* **Activity**: Using the data below, transcribe exactly everything from the line that contains "1954 Oldsmobile Starfire - Image 7 of 31" down to the line that contains "254 Wildwood Ave, Piedmont, California 94610". Include both of those lines and none of the pictures.

* **Records provided**:
______________________________

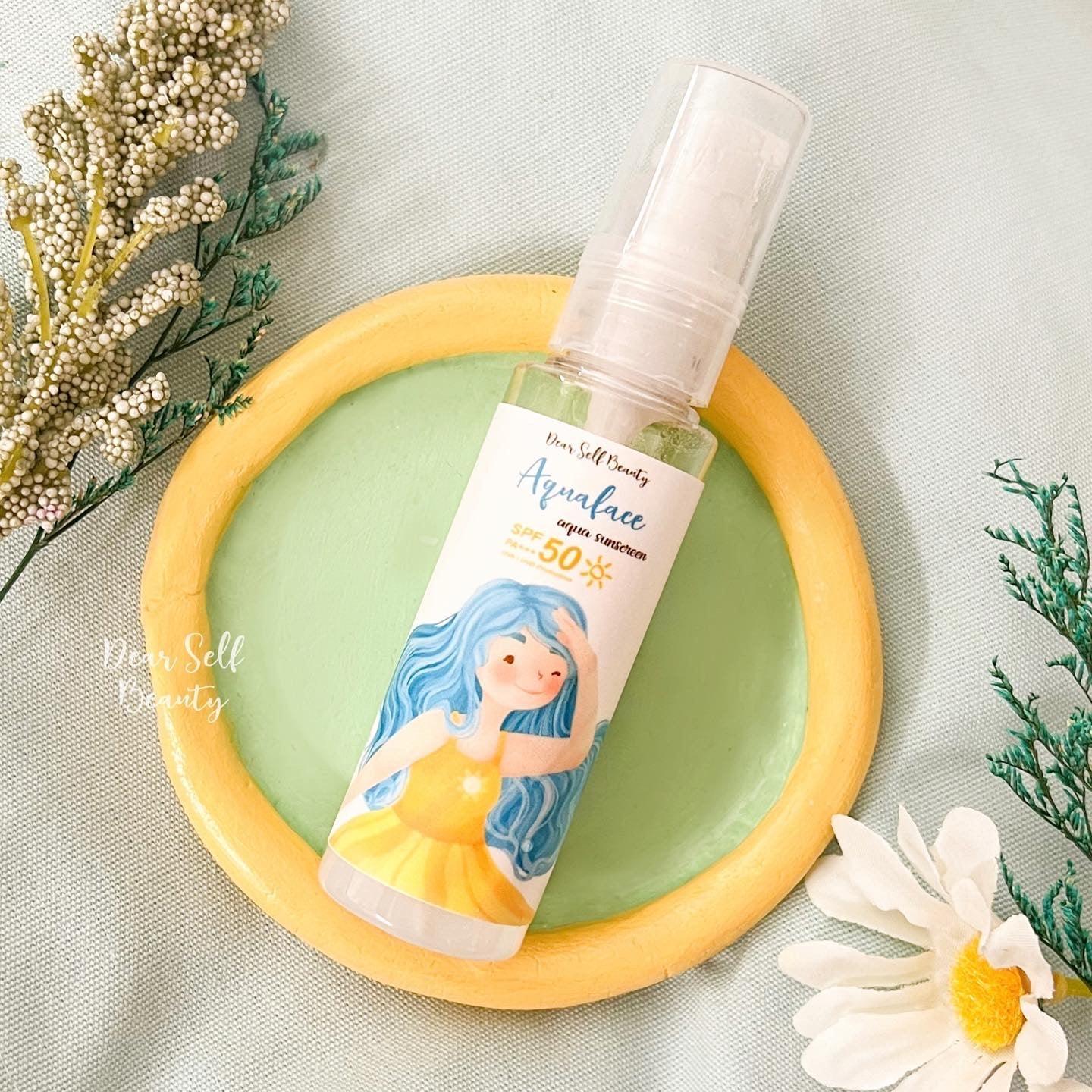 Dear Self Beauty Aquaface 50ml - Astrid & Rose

______________________________

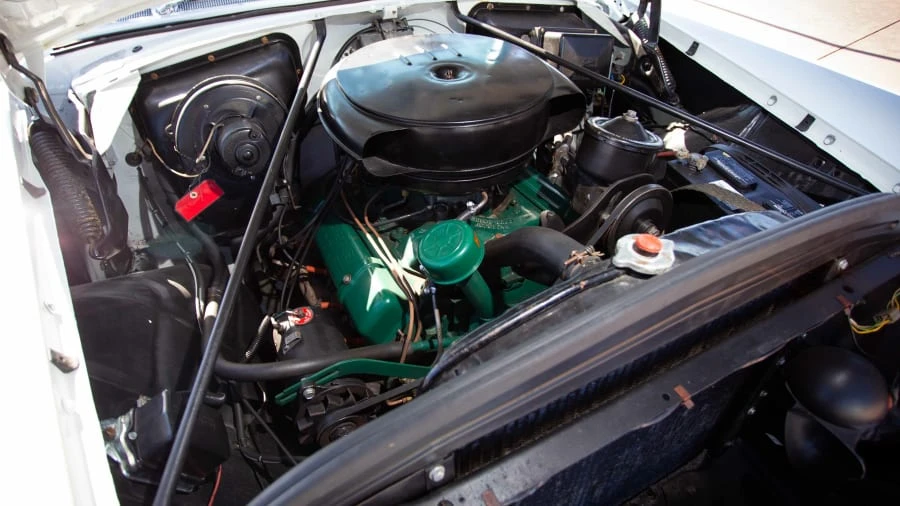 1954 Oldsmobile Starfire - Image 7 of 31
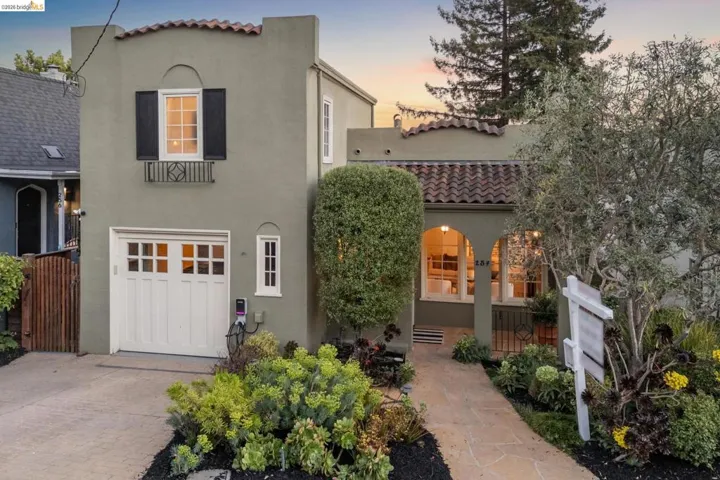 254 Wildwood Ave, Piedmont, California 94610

______________________________

* **Your response**:
 1954 Oldsmobile Starfire - Image 7 of 31
 254 Wildwood Ave, Piedmont, California 94610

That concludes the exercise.